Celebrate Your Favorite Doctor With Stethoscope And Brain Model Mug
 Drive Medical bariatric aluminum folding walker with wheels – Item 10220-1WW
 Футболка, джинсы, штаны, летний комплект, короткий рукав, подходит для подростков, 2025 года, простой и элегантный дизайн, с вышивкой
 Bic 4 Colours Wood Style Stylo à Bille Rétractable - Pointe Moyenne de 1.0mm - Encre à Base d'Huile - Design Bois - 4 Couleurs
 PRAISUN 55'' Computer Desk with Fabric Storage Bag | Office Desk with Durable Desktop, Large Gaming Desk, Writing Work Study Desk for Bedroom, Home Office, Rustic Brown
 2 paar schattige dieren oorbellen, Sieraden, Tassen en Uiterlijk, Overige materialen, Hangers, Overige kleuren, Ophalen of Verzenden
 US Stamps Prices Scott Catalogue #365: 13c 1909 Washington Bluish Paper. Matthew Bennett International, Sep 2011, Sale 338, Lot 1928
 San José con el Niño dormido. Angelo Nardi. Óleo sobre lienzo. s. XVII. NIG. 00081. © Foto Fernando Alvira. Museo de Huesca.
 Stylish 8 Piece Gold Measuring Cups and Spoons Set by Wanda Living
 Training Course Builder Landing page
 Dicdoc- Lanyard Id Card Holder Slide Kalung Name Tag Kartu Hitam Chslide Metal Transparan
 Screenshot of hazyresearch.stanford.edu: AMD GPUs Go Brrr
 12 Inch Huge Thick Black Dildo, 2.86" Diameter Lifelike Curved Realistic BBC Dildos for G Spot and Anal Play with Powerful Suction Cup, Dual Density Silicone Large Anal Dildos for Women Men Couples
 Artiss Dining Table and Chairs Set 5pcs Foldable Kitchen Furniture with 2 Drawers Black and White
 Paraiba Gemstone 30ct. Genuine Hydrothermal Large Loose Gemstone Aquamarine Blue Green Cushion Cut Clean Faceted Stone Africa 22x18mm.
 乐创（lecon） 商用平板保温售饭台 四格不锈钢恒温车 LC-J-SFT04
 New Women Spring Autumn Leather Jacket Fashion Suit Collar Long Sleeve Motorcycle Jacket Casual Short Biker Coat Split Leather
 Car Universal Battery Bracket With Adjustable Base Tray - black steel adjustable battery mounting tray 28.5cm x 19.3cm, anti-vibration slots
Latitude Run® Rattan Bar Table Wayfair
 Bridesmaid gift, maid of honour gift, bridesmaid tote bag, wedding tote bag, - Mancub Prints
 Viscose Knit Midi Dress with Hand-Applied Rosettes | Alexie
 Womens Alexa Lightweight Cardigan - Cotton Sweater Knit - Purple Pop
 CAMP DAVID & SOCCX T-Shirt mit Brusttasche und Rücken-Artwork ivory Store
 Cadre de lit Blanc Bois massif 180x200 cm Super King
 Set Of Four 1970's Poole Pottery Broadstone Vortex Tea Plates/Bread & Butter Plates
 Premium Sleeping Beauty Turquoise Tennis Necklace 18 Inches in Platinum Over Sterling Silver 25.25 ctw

Required action: Repeat each line of the data above, exactly as it appears, from the first through the line that contains "Training Course Builder Landing page".

Result:
Celebrate Your Favorite Doctor With Stethoscope And Brain Model Mug
 Drive Medical bariatric aluminum folding walker with wheels – Item 10220-1WW
 Футболка, джинсы, штаны, летний комплект, короткий рукав, подходит для подростков, 2025 года, простой и элегантный дизайн, с вышивкой
 Bic 4 Colours Wood Style Stylo à Bille Rétractable - Pointe Moyenne de 1.0mm - Encre à Base d'Huile - Design Bois - 4 Couleurs
 PRAISUN 55'' Computer Desk with Fabric Storage Bag | Office Desk with Durable Desktop, Large Gaming Desk, Writing Work Study Desk for Bedroom, Home Office, Rustic Brown
 2 paar schattige dieren oorbellen, Sieraden, Tassen en Uiterlijk, Overige materialen, Hangers, Overige kleuren, Ophalen of Verzenden
 US Stamps Prices Scott Catalogue #365: 13c 1909 Washington Bluish Paper. Matthew Bennett International, Sep 2011, Sale 338, Lot 1928
 San José con el Niño dormido. Angelo Nardi. Óleo sobre lienzo. s. XVII. NIG. 00081. © Foto Fernando Alvira. Museo de Huesca.
 Stylish 8 Piece Gold Measuring Cups and Spoons Set by Wanda Living
 Training Course Builder Landing page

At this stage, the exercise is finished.